### Extracted records
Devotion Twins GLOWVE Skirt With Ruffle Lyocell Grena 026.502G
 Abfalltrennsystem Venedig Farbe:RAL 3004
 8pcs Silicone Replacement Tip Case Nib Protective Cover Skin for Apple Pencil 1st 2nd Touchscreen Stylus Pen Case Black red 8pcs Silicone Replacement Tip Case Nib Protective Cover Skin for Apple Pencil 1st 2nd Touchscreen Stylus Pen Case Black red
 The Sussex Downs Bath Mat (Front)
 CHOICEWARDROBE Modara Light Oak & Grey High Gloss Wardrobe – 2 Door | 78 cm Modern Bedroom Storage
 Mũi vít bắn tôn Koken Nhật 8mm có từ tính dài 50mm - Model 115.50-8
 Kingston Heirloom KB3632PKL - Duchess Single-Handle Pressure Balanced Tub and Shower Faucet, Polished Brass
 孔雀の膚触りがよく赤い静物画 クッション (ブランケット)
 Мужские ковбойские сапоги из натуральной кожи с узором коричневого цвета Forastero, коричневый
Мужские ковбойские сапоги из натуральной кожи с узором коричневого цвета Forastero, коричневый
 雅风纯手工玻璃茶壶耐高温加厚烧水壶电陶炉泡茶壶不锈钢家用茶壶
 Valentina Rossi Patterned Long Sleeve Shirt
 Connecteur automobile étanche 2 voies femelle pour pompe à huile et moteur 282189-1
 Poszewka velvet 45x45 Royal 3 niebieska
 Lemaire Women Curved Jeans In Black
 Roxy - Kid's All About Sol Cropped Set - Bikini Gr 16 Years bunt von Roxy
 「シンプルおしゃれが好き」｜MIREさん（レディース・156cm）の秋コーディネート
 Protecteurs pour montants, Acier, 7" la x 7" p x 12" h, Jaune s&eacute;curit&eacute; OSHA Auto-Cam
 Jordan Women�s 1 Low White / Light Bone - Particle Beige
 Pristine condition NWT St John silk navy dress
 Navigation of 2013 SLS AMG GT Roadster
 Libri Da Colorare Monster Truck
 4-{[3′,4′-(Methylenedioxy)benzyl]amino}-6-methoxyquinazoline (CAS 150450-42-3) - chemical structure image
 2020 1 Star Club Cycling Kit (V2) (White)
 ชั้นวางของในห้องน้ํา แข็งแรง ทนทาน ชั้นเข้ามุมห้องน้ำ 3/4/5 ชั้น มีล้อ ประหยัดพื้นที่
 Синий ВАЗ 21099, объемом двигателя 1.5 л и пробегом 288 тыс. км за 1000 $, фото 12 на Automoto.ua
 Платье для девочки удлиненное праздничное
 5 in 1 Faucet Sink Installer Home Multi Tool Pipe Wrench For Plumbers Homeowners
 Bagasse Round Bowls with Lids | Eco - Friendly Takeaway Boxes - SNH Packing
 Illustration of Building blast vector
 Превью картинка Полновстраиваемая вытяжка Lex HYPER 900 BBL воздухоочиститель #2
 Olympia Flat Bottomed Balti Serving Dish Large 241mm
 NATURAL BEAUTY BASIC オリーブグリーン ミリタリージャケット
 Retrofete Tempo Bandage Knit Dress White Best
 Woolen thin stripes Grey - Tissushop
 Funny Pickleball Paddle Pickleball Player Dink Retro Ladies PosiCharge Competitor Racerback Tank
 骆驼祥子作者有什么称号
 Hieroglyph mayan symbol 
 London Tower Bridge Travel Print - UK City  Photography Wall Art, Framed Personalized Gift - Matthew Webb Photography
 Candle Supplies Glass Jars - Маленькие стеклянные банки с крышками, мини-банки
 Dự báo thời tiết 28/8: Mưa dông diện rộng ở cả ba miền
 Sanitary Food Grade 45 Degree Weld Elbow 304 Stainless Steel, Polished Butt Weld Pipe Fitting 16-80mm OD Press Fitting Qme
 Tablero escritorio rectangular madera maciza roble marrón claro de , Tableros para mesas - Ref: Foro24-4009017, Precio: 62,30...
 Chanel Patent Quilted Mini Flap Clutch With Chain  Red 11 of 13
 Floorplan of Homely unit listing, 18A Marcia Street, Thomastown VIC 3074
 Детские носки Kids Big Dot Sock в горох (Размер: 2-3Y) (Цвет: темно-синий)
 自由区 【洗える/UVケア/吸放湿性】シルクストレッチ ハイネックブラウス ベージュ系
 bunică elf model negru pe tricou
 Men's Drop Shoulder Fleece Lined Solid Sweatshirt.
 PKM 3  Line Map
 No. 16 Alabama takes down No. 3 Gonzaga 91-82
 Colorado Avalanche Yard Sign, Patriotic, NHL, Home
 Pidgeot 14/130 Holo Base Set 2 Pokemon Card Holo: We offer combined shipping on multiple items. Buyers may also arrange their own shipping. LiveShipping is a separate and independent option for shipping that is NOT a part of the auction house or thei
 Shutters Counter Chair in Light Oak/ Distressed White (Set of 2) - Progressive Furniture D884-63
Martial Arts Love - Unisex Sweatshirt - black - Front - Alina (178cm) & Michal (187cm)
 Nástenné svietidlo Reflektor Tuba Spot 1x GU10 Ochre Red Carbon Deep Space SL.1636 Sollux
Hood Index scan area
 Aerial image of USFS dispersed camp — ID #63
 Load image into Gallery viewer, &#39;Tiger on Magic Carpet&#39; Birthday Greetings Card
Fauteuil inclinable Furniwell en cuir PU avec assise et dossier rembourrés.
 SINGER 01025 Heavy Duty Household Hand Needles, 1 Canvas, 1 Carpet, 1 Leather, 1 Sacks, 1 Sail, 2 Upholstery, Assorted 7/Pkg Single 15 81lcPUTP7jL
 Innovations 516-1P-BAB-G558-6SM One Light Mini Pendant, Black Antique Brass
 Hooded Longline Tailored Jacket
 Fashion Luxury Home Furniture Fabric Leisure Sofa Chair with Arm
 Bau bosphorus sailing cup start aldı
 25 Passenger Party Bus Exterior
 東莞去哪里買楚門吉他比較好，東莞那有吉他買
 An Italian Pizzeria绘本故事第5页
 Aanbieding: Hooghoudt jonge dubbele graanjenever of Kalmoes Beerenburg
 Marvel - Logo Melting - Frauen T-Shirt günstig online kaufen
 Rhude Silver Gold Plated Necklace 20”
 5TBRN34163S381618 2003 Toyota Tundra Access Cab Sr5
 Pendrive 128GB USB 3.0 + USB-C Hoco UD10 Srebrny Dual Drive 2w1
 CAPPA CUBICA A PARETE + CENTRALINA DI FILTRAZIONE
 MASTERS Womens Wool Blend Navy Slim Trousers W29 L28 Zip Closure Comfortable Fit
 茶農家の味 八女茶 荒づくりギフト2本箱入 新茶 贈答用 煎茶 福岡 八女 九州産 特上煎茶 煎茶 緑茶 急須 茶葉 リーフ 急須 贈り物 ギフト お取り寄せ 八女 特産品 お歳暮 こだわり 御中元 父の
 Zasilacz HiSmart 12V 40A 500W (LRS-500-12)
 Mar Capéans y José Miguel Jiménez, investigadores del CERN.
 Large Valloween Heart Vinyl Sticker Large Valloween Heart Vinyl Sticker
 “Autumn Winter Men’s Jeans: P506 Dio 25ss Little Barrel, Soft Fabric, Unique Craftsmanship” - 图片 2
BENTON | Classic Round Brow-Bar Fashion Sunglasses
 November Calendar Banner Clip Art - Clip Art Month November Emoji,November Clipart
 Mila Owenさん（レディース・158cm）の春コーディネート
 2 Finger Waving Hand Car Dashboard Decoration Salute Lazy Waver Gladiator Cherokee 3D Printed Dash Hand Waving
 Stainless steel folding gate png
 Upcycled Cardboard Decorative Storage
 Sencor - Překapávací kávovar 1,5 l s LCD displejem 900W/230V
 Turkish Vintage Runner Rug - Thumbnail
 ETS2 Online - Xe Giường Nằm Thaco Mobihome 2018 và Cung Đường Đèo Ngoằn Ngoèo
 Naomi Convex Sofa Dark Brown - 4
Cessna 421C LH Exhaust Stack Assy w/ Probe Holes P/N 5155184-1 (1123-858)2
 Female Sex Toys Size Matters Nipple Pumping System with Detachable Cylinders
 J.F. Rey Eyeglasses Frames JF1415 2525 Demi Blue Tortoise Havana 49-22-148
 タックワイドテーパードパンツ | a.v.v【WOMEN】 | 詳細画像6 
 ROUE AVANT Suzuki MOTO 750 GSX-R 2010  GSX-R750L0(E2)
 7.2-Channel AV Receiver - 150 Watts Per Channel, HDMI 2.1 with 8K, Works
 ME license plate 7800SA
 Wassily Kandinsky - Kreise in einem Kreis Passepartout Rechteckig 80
######
* What needs to be done *
Taking the records above, retype every line from the one with "Shutters Counter Chair" down to the one with "Innovations 516-1P-BAB-G558-6SM One", exactly and with nothing else.

* Task output *
 Shutters Counter Chair in Light Oak/ Distressed White (Set of 2) - Progressive Furniture D884-63
Martial Arts Love - Unisex Sweatshirt - black - Front - Alina (178cm) & Michal (187cm)
 Nástenné svietidlo Reflektor Tuba Spot 1x GU10 Ochre Red Carbon Deep Space SL.1636 Sollux
Hood Index scan area
 Aerial image of USFS dispersed camp — ID #63
 Load image into Gallery viewer, &#39;Tiger on Magic Carpet&#39; Birthday Greetings Card
Fauteuil inclinable Furniwell en cuir PU avec assise et dossier rembourrés.
 SINGER 01025 Heavy Duty Household Hand Needles, 1 Canvas, 1 Carpet, 1 Leather, 1 Sacks, 1 Sail, 2 Upholstery, Assorted 7/Pkg Single 15 81lcPUTP7jL
 Innovations 516-1P-BAB-G558-6SM One Light Mini Pendant, Black Antique Brass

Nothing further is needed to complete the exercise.